## Your goal
Set down exactly the lines in the records below that run from the line with "Vintage Hankyu Braves Baseball Cap" to the line with "Black Jack Chapter 52 - 14", inclusive, and nothing more.

(Data extracted from a collection)
__________

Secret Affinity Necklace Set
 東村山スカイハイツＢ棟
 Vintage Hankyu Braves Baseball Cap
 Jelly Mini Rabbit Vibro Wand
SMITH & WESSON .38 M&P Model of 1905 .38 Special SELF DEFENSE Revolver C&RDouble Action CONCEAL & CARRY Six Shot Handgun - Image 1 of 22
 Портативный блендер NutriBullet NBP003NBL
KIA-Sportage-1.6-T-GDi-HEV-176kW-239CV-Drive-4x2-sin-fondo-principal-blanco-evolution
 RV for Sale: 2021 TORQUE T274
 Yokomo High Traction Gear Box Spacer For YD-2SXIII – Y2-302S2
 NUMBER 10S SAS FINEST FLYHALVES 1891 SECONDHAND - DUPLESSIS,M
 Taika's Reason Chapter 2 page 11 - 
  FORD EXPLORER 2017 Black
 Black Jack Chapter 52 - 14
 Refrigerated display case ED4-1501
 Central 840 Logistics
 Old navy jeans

__________

## Task result
 Vintage Hankyu Braves Baseball Cap
 Jelly Mini Rabbit Vibro Wand
SMITH & WESSON .38 M&P Model of 1905 .38 Special SELF DEFENSE Revolver C&RDouble Action CONCEAL & CARRY Six Shot Handgun - Image 1 of 22
 Портативный блендер NutriBullet NBP003NBL
KIA-Sportage-1.6-T-GDi-HEV-176kW-239CV-Drive-4x2-sin-fondo-principal-blanco-evolution
 RV for Sale: 2021 TORQUE T274
 Yokomo High Traction Gear Box Spacer For YD-2SXIII – Y2-302S2
 NUMBER 10S SAS FINEST FLYHALVES 1891 SECONDHAND - DUPLESSIS,M
 Taika's Reason Chapter 2 page 11 - 
  FORD EXPLORER 2017 Black
 Black Jack Chapter 52 - 14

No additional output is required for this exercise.